Area Development
G&D Integrated, a provider of transportation and logistics services, plans an expansion of the company's contract manufacturing capabilities at its plant in Morton, Illinois.

According to company officials, over the past year, G&D Integrated has made investments in new, state-of-the-art processing equipment and now offers a wide variety of manufacturing services including saw cutting, laser cutting, welding complete parts, painting, and assembly.

The company's manufacturing division has the ability to provide customers with a complete part where machining is required with the addition of two new machine centers and a new turning center.
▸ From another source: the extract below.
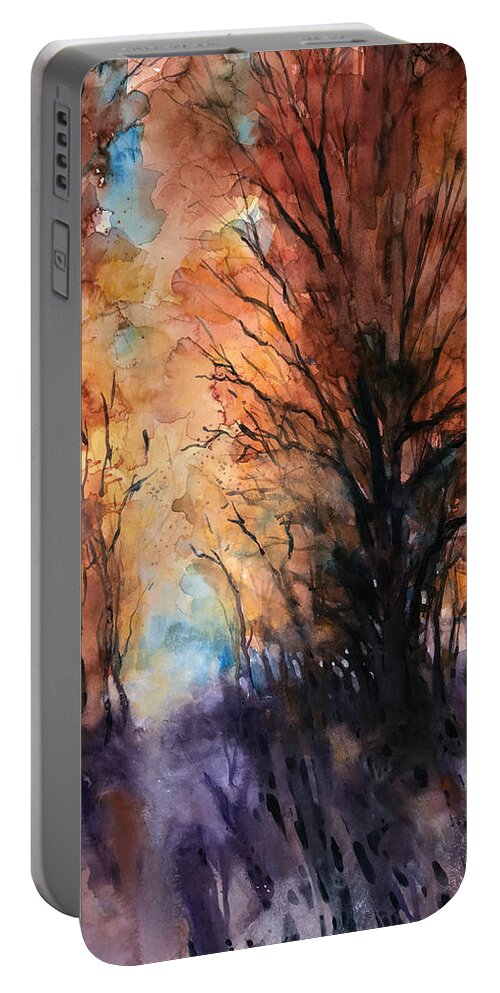Woods Portable Battery Charger featuring the painting Sunset boulevard by Alessandro Andreuccetti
With the addition of the FARO Quantum M FaroArm technology, G&D can provide parts inspections that allow easy verification of product quality by performing 3D inspections, tool certifications, CAD comparison, dimensional analysis, and reverse engineering.

Officials said,“it is the first and only arm in the market that can be verified against the international certification standard for articulated arm coordinate measuring machines, ISO 10360-12:2016, which ensures maximum measurement consistency and reliability. G&D is also trained in the PPAP process for customers requiring any other additional quality services.”
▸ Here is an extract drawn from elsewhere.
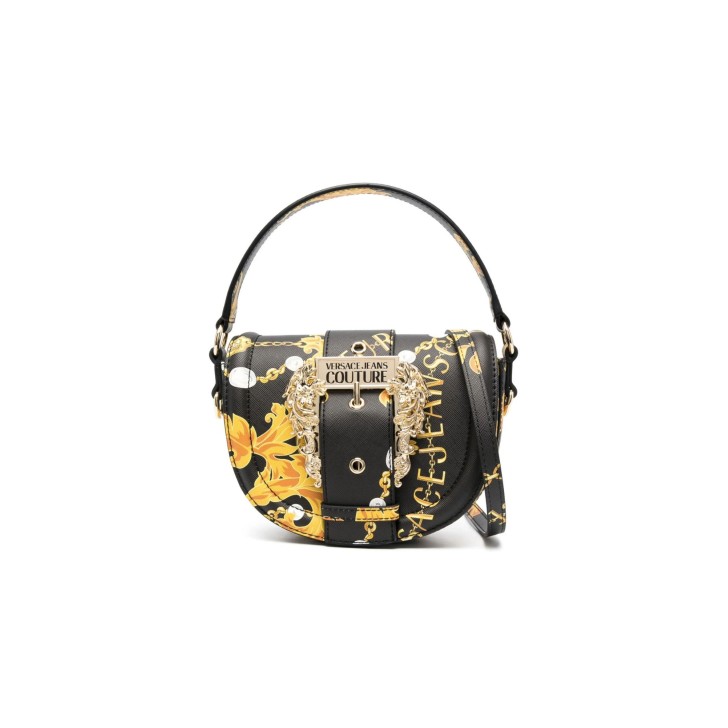 Versace Jeans Couture BORSA A MANO NERA CON STAMPA BAROCCO ALL OVER E TRACOLLA ESTRAIBILE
G&D Integrated's manufacturing division also offers software integration that has the ability to use a customer's engineered models and directly download them into its system to create programs that cut and form.

This program can benefit customers through lower engineering costs and removes the need to redraw parts which eliminate first operation quality issues. The cost savings achieved through the use of this program are directly passed on to the customer, company officials said.

"These new manufacturing services will allow our customers to save money and time when components or completed parts are required," said David Wrigley, Director of Manufacturing at G&D Integrated. "Not only will we be able to produce higher quality parts but we'll be able to do it faster, with less energy, and lower costs."